I want to keep rows based on the list of values in my column. I have a list of 100 values that I want to check in my column. If the row satisfies one of the 100 values then I want to keep that row. I try using the prepare recipe using the filter data processor with the filter rows/cell values. I don't want to enter 100 values on this processor. Is there a better way to provide the list in Dataiku?
Thanks for your help.
You can still use the filter processor, but instead of adding 100 values, you can add one regular expression and use the "Regular expression" match mode. The regular expression can be a pattern (if it can be defined based on the values you need to keep) or a simple list of all values separated by a pipe. Please find an example in the screenshot below.
I hope this helps.
hi @VitaliyD ,
Thank you for your response, I tried your suggestion however I am getting an error stating that
"Not supported settings for 'FilterOnValue' processor. Cannot use SQL engine : PATTERN string matching is not transferable.

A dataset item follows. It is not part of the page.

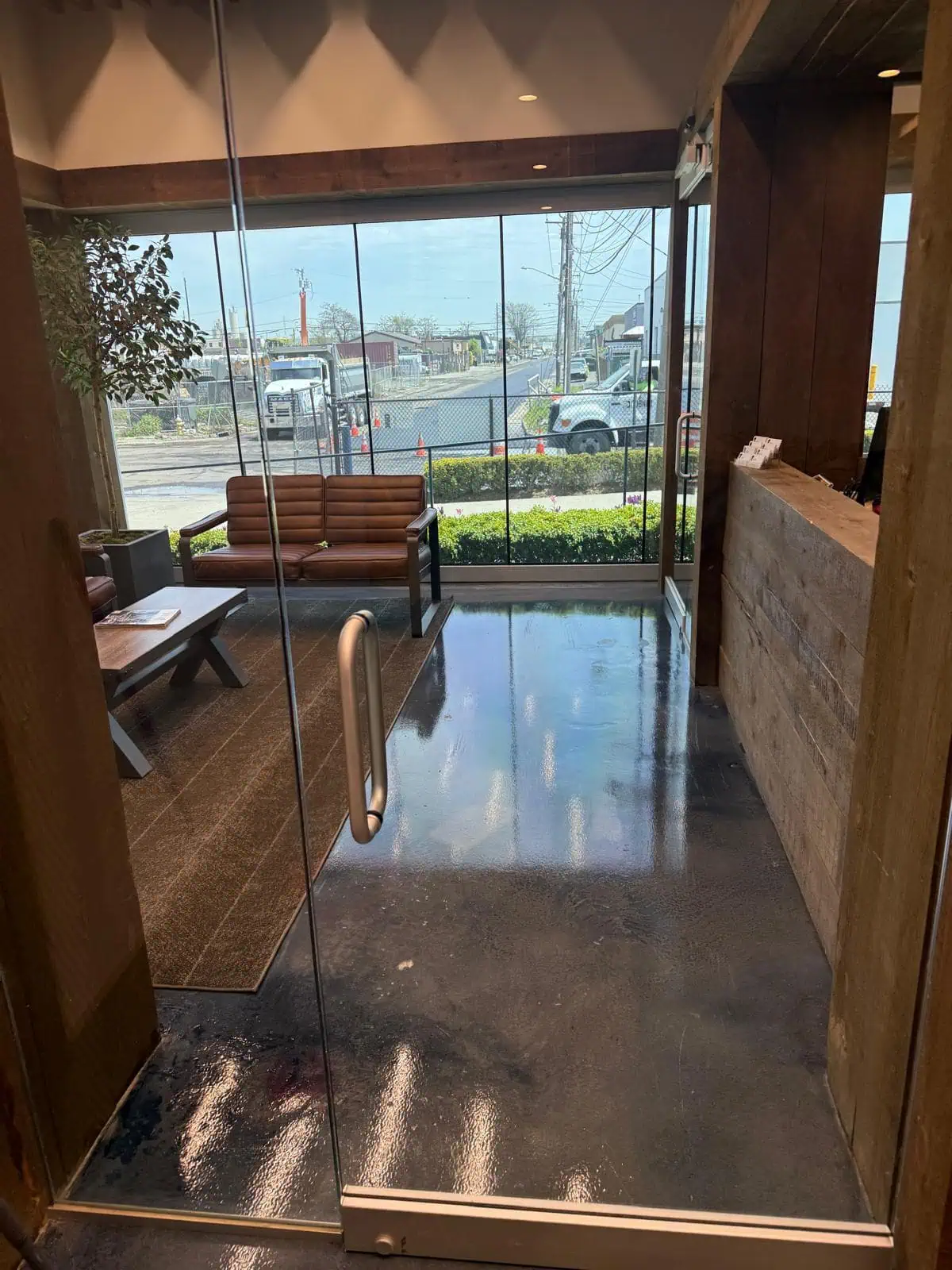 A modern office lobby with a glass door, wooden reception desk, leather sofa, coffee table, and large windows showing an outdoor view with vehicles, power lines, and a sunny sky. The polished floor reflects the light.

I am running this HIVE engine if that helps
Please find the attached screen shot
Hi @aotearoanz ,
Another trick you might try is using a join to filter.
This will work if your list of 100 values exists as a single column w/ 100 rows (you could create an editable dataset or upload a CSV, for example). You can then inner join that data set with the one you're trying to filter; this will filter out all of the rows that didn't get a match between both datasets.
This will be easier to maintain than a string of 100 values separated by a pipe in case the values you want to filter with change over time, but might not work depending on what you're trying to match. If you're looking to match a substring, you could also try doing this with the Fuzzy Join recipe (new in v9). Let us know how it goes!